HONG KONG (Reuters Breakingviews) – A Hong Kong stock market debut puts Jakarta at the centre of China’s electric-car boom. Lygend Resources & Technology, a Chinese nickel trader, is looking to raise up to $594 million in an initial public offering to expand in Indonesia. The company’s presence in the resource-rich archipelago allows it to export copious quantities of the metal, which is in high demand back home.
Lygend both trades and produces nickel products, essential for stainless steel and batteries. Revenue more than doubled to nearly 10 billion yuan, around $1.4 billion, in the first half of 2022 from a year earlier; its bottom line grew even faster to 2.3 billion yuan, thanks to a roughly 20% jump in prices for the heavy metal since the beginning of the year.

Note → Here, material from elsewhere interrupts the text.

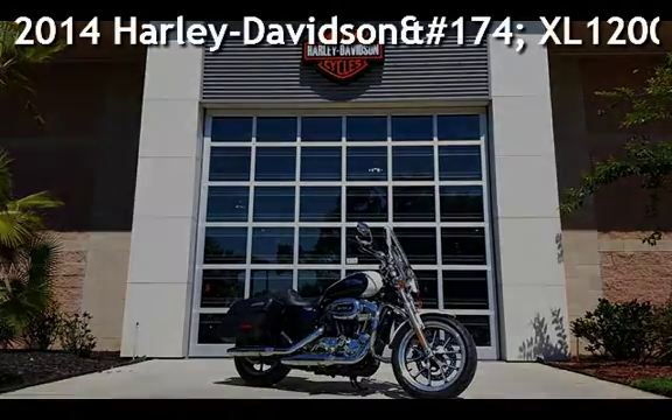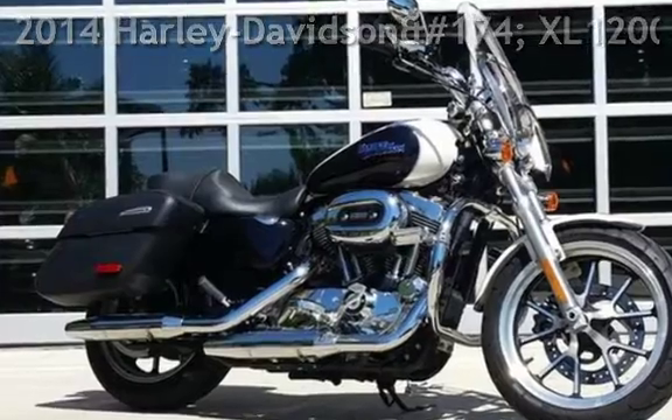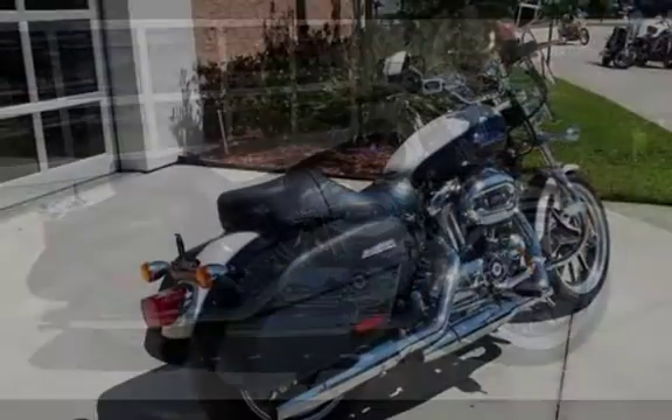Presenting a pre-owned 2014 Harley-Davidson XL1200T Sportster Super Low 1200T.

Lygend’s Indonesian operations give it an edge. Around a fifth of the world’s nickel resources are located in the country, which accounted for nearly 40% of ore unearthed last year, according to the company’s prospectus. To compare, China, the world’s largest maker and buyer of electric cars, has less than 2% of known nickel reserves, estimates the U.S. Geological Survey.
There are policy risks, though. In 2020, President Joko Widodo hastened an export ban on the raw material, nickel ore, forcing the industry to bring smelting onshore even as Covid-19 battered demand. Lygend sales fell 17% that year before the company began to process the metal onshore with its local partner. Business has bounced back since, but Lygend flags there are risks that the export ban may be expanded to include products refined from the ore.
At the midpoint of its marketed price range, Lygend would be valued at just over $4 billion. That’s roughly 5.5 times this year’s annualised earnings, assuming the same first-half growth rate, and in line with the average for a basket of peers including Brazil’s Vale and compatriots Tianqi Lithium and Ganfeng Lithium. That looks prudent: recent Hong Kong listings by electric-car maker Zhejiang Leapmotor Technology and battery maker CALB produced lacklustre debuts, while the benchmark Hang Seng Index has had a wild few months, rising 19% since the start of November, but still down a quarter this year. Lygend looks set to navigate a bumpy road onto public markets.